Prof. Kaiming SHEN @ SSE

Grades:

  • Assignments / Quiz (20%)
  • Midterm Exam (40%)
  • Final Exam (40%)

Reference Book: T. Cover & J. Thomas: Elements of Information Theory 2nd Ed.

Chapter 1: Introduction 简介

1.1 Intergration of Information

Bit: $\{0, 1\}$

Information is the minimum number of bits ($0$ or $1$) to describe a random variable.

信息即用描述一个随机变量所使用 bits 的最小数量。

e.g. Weather Forecast

$$ X = \begin{cases} \text{rain}\ &50\% \ &0 , \\ \text{shine}\ &50\% \ &1 \end{cases} $$

From weatherman, we can learn value of $X$. And $X$ contains $1$ bit of information.

我们认为这个随机变量 $X$ 包含 $1$ bit 的信息。

假设我们现在有 $8$ 种不同的天气,每个概率相同,我们可以用 $X = \{000, 001, \cdots, 111\}$ 来表示天气。那么我们认为 $X$ 包含 $3$ bit 的信息,因为其最少可以用 $3$ 位 bit 来表示。

e.g. Horse Race (sp.)

$$ X = \begin{cases} A &\frac{1}{2} &000 &0 \\ B &\frac{1}{4} &001 &10 \\ C &\frac{1}{8} &010 &110 \\ D &\frac{1}{16} &\cdots &1110 \\ E &\frac{1}{64} &\cdots &111100 \\ F &\frac{1}{64} &\cdots &111101 \\ G &\frac{1}{64} &\cdots &111110 \\ H &\frac{1}{64} &\cdots &111111 \end{cases} $$

Information of $X=1 \times \frac{1}{2} + 2 \times \frac{1}{4} + 3 \times \frac{1}{8} + 4 \times \frac{1}{16} + 6 \times \frac{1}{64} \times 4 = 2 $ bits

1.2 Information Transmission over Channel

$$ X \rightarrow \text{Channel} \rightarrow Y $$

Channel: $P(y|x)$,就是一个条件概率,用来描述 $Y$ 是如何随着 $X$ 变化的。

Channel Capacity($C$) is the maximum number of bits that can be "reliably" transimitted from X to Y.

通道容量表示一个通信信道每次使用最多能够稳定传输多少信息。

1.3 Information Theory

Information Theory answers and questions:

  1. What is the minimum number of bits to describe $X$?

    Ans: Entropy $H(X)$ ... Data compression

  2. What is the maximum numberof bits that can be reliably transmitted over channel?
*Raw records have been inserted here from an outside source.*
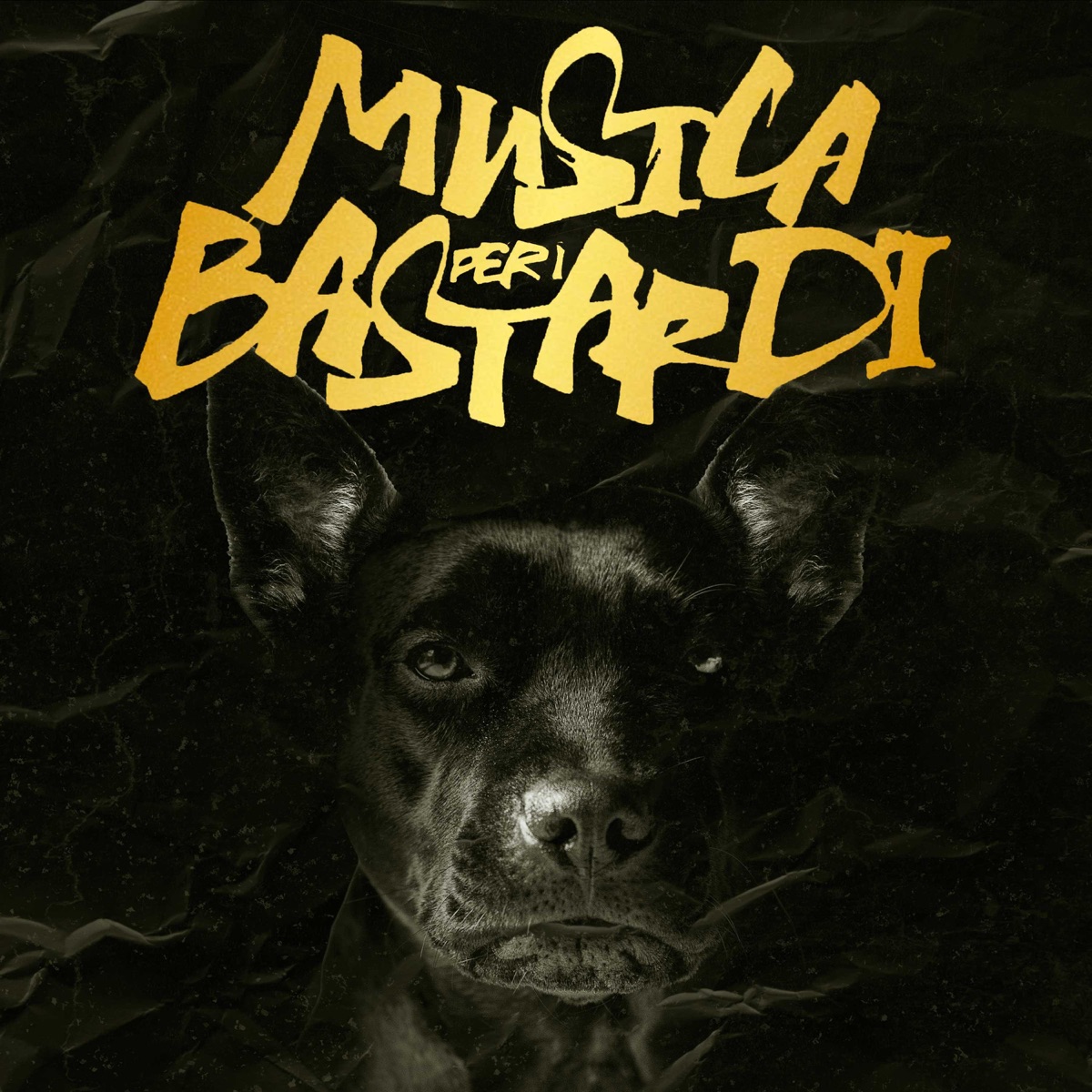 MUSICA PER I BASTARDI by Dj Dust album cover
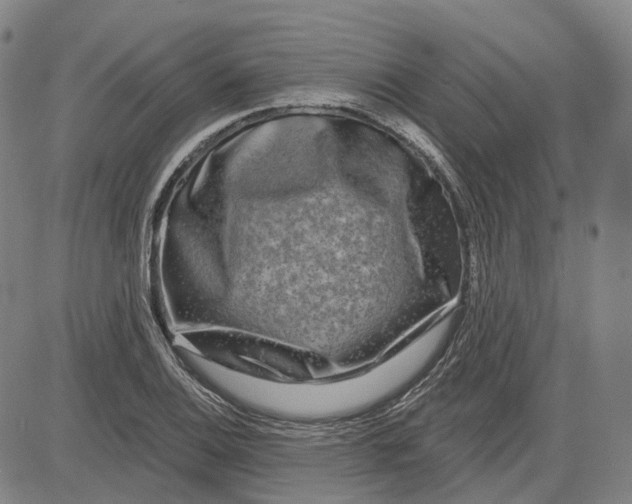 X0000083051124200702161725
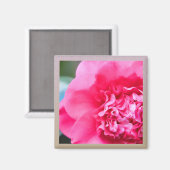 Camillia artistieke roze bloem magneet (Voorkant / Achterkant)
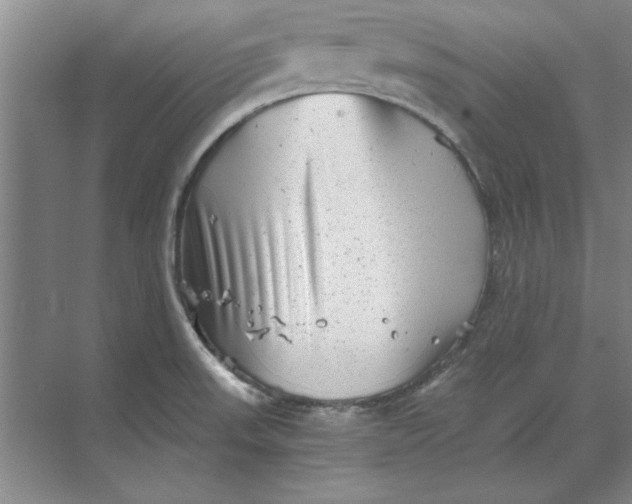 X0000068831523200605191846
    Ans: Mutual info $I(X;Y)$ ... Channel Capacity.

Chapter 2: Entropy 熵

2.1 Basics

Def. Let $X$ be a discrete random variable, e.g. $X = \{a, b, c\}$, then: $$ X = \begin{cases} a, & p_1\\ b, & p_2\\ c, & p_3 \end{cases} $$ Which is easy to describe using probability mass function (PMF).

Def. The entropy of $X$ is $$ H(X) = \sum_x p(x) \log \frac{1}{p(x)} $$

When $\log$ is in base $2$, $H(X)$ is in "bit".
When $\log$ is in base $e$, $H(X)$ is in "nat".

$$ \log_e a = \ln a = \frac{\log_2 a}{\log_2 e} $$

$H(X)$ in nats $= \sum p(x) \log_e \frac{1}{p(x)} = \sum p(x) \left(\log_2 \frac{1}{p(x)}\right) \frac{1}{\log_2 e} = \frac{1}{\log_2 e} H(X)$ in bits.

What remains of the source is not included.